ARCADIA, Calif. (Reuters) - The Santa Anita Park’s top veterinarian said drug reforms instituted at the race track have made it the safest in the country even though 36 horse fatalities have occurred at the venue this year.
The high number of deaths at the famed Southern California track, which will host the Breeders’ Cup on Friday and Saturday, since the season began in last December, prompted public backlash and government investigations.
Racing at the track was canceled for more than three weeks in March and the track’s owners responded by banning the use of drugs that can mask existing injuries in horses on race days, which can lead to breakdowns.
There was also talk of moving the Breeders’ Cup to another venue but Dionne Benson, chief veterinary officer for track owners The Stronach Group, said there was no safer place to hold it.
“If you are looking at the United States, there are no stricter set of medication regulations than we have here,” Benson told Reuters at the track on Wednesday.
“These horses and this track are probably examined more than any in the country so I am comfortable that we have done quite a bit and that the horses are safer here,” she said.
Benson, who took the position in May, said the track will have a record number of vets on hand for the Breeders’ Cup and that all of the race horses will undergo vigorous evaluations before they are given the green light to compete.
Due to investigations by the Los Angeles County district attorney and the California Horse Racing Board, necropsy reports for the fallen horses have not been released to the public, making it difficult to pinpoint the exact causes.
Benson said Santa Anita introduced changes which are already producing results.
“A lot of what we’ve done has been based on what we think will help. Things like changing the medication and taking more control over training,” she said.
“We didn’t have the luxury of waiting to figure out if there was a single thing we could do that will improve it. We had to start making improvements and we have definitely improved.”
Since the new rules were implemented in March, fatality rates in racing at the track are down over 50% and more than 70% in training, she said.
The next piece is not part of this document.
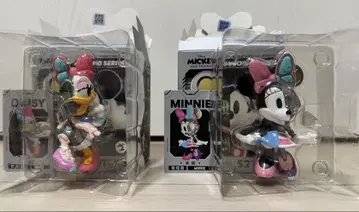 52TOYS 미키 & 프렌즈 사이보그 시리즈 미니 데이지 2점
Despite the progress, two horses, a mare named G Q Covergirl and a filly named Bye Bye Beautiful, perished at the track on Friday and Sunday, respectively.
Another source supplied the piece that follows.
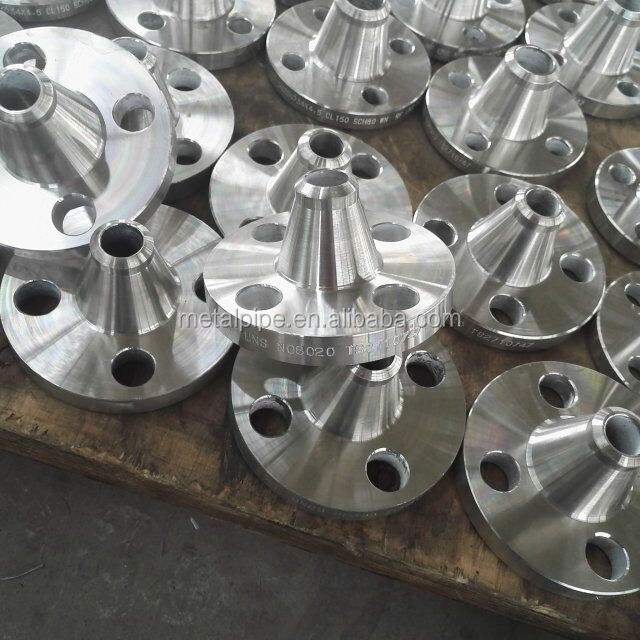 GOST 33259 Tipe 11-B DN250 Kelas 600 ASTM B564 UNS N06625 Inconel 625 Weld Neck Flanges ASME B16.5 4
“As a general rule we are down overall but that doesn’t mean that those two horses didn’t matter,” she said.
“They certainly mattered to us. I know our vets lost sleep over them.
“That’s one of the parts of the job. You wonder if there is something you could have done better or could have done differently.
“If you take any snapshot in time you can make something look bad, we have to see what happens over the long run and over the long run in these six months, we’ve seen a difference.”